Some imply that if a defendant does not get a trial that looks like Martha Stewart’s and ends like O. J. Simpson’s, then military commissions are flawed. They are mistaken. The Constitution does not extend to alien unlawful enemy combatants. They are entitled to protections under Common Article 3 of the Geneva Conventions, which ensures they are afforded “all the judicial guarantees which are recognized as indispensable by civilized peoples.”

Justice John Paul Stevens, in the Hamdan decision that rejected an earlier plan for military commissions, observed that Article 75 of the Additional Protocol to the Geneva Conventions defines the judicial guarantees recognized as indispensable. A comparison of Article 75 and the Military Commissions Act of 2006 shows military commissions provide the fundamental guarantees.

Each accused receives a copy of the charges in his native language; outside influence on witnesses and trial participants is prohibited; the accused may challenge members of the commission; an accused may represent himself or have assistance of counsel; he is presumed innocent until guilt is established beyond a reasonable doubt; he is entitled to assistance to secure evidence on his behalf; he is not required to incriminate himself at trial and his silence is not held against him; he may not be tried a second time for the same offense; and he is entitled to the assistance of counsel through four stages of post-trial appellate review ending at the United States Supreme Court.

One myth is that the accused can be excluded from his trial and convicted on secret evidence. The administrative boards that determine if a detainee is an enemy combatant and whether he is a continuing threat may consider classified information in closed hearings outside the presence of the detainee. But military commissions may not. The act states, “The accused shall be permitted ... to examine and respond to evidence admitted against him on the issue of guilt or innocence and for sentencing.” Unless the accused chooses to skip his trial or is removed for disruptive behavior, he has the right to be present and to confront all of the evidence.

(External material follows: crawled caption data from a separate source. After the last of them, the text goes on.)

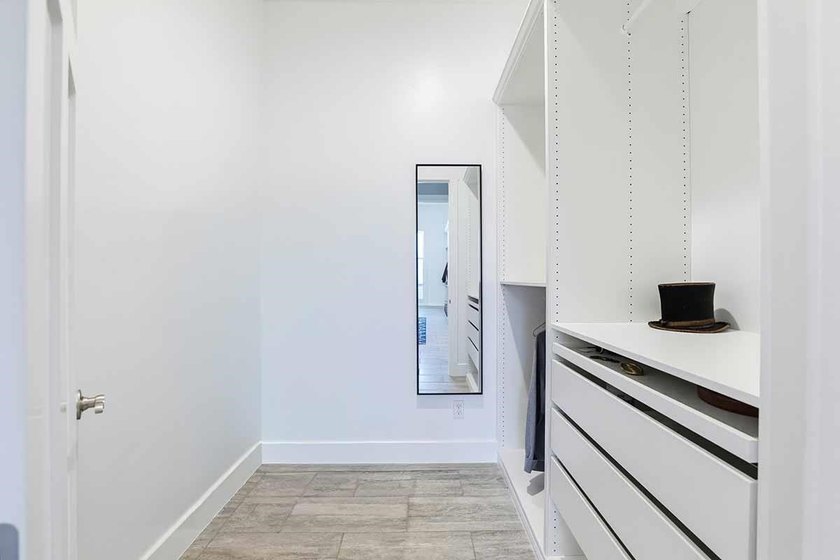 Gorgeous 3,618 SF single-level home, 30'x40' workshop, 7.42 - photo 25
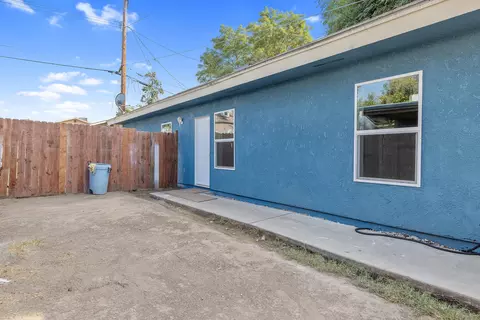 720 S Locust St, Visalia, CA 93277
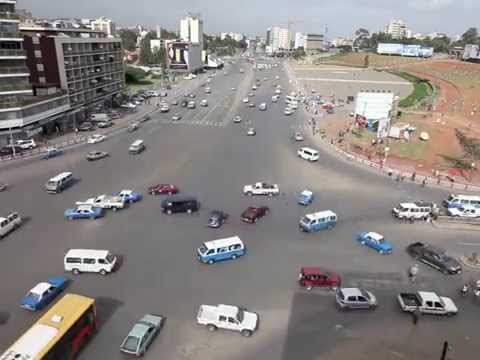 Уникално видео с оживено кръстовище без светофари и катастрофи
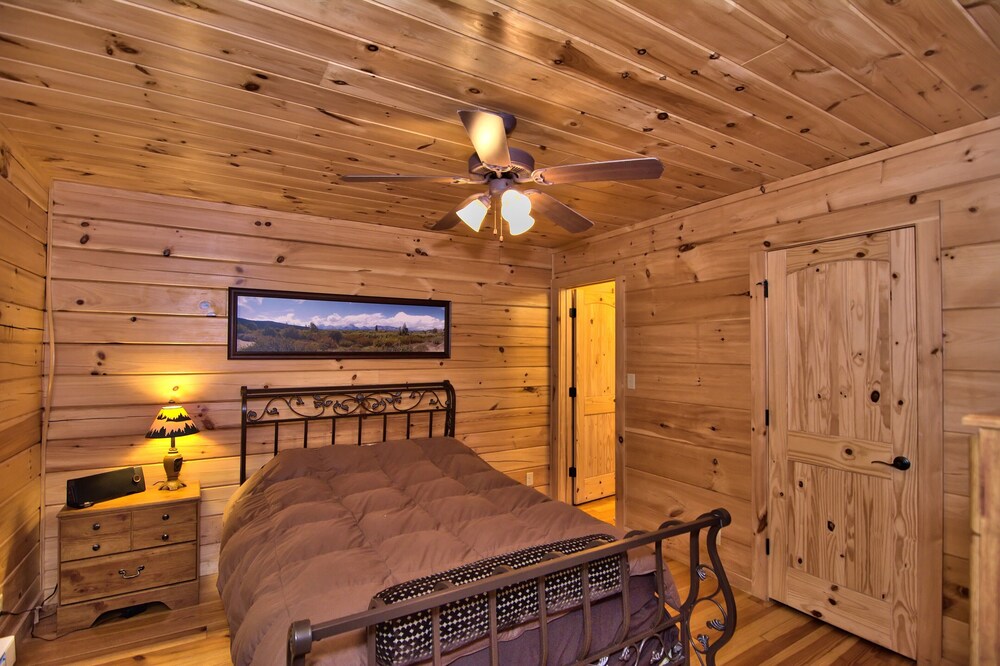 5BR 3BA Cabin SLPS 16, Great For Bachelor Parties/Reunions, Free Linens
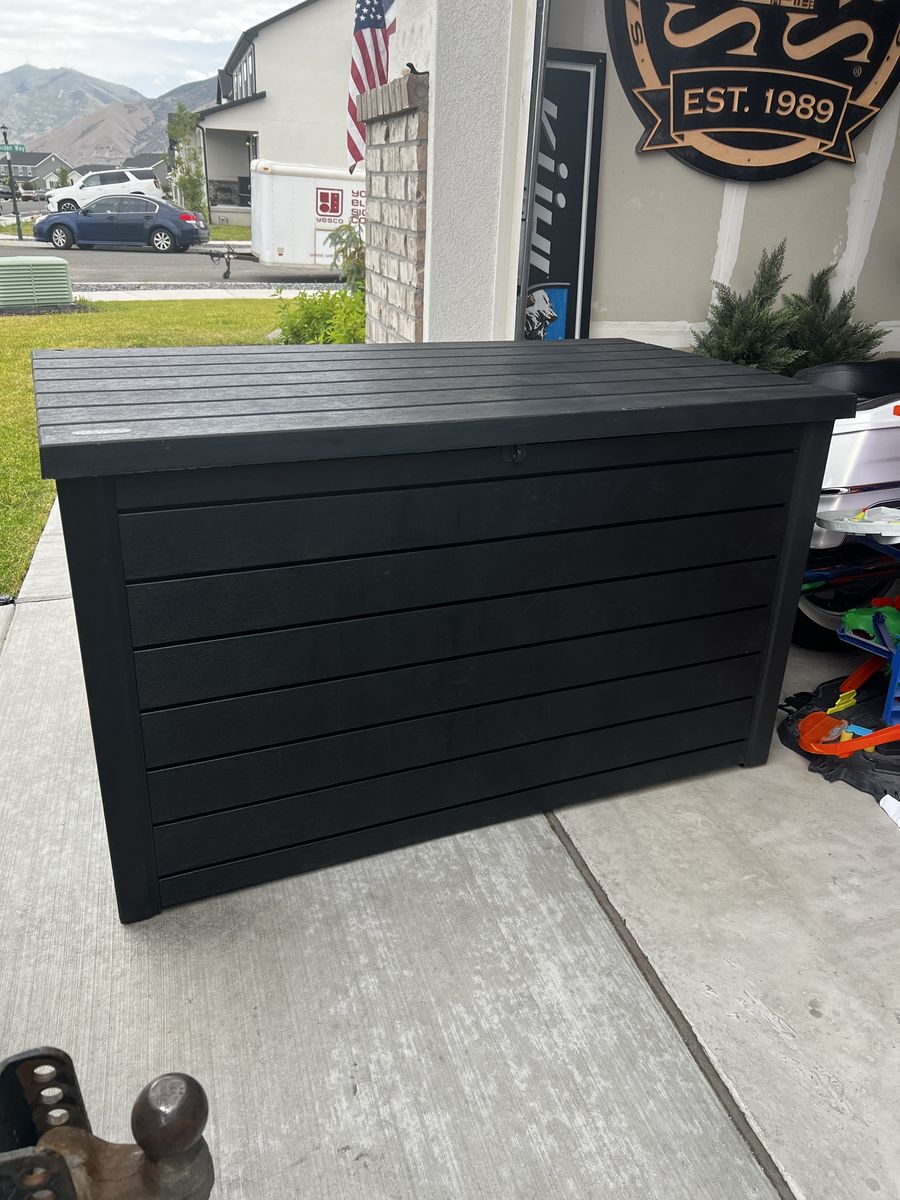 230 gallon deck box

Many critics disapprove of the potential admissibility of evidence obtained by coercion and hearsay. Any statement by a person whose freedom is restrained by someone in a position of authority can be viewed as the product of some degree of coercion. Deciding how far is too far is the challenge. I make the final decision on the evidence the prosecution will introduce. The defense may challenge this evidence and the military judge decides whether it is admitted. If it is admitted, both sides can argue how much weight, if any, the evidence deserves. If a conviction results, the accused has the assistance of counsel in four stages of post-trial appellate review. These are clearly robust safeguards.

The Military Commissions Act says hearsay is admissible unless it is challenged. The party raising the challenge must persuade the military judge that the probative value of the evidence is substantially outweighed by the danger of unfair prejudice, confusion of the issues, or misleading the commission, among other reasons. While this standard permits admission of some evidence that would not be admissible in federal courts, the rights afforded Americans are not the benchmark for assessing rights afforded enemy combatants in military tribunals.

There is no ban on hearsay among the indispensable rights listed in the Geneva Conventions. Nor is there a ban on hearsay for the United Nations-sanctioned war crimes tribunals, including the International Criminal Court, the International Criminal Tribunals for the Former Yugoslavia and Rwanda, and the Special Court for Sierra Leone. The Nuremberg trials also did not limit hearsay evidence. Simply stated, a ban on hearsay is not an internationally recognized judicial guarantee.

Guantánamo Bay is a clean, safe and humane place for enemy combatants, and the Military Commissions Act provides a fair process to adjudicate the guilt or innocence of those alleged to have committed crimes. Even the most vocal critics say they do not want to set terrorists free, but they scorn Guantánamo Bay and military commissions and demand alternatives. The facts show the current alternative is worth keeping.

Morris D. Davis, a colonel in the Air Force, is the chief prosecutor in the Defense Department’s Office of Military Commissions.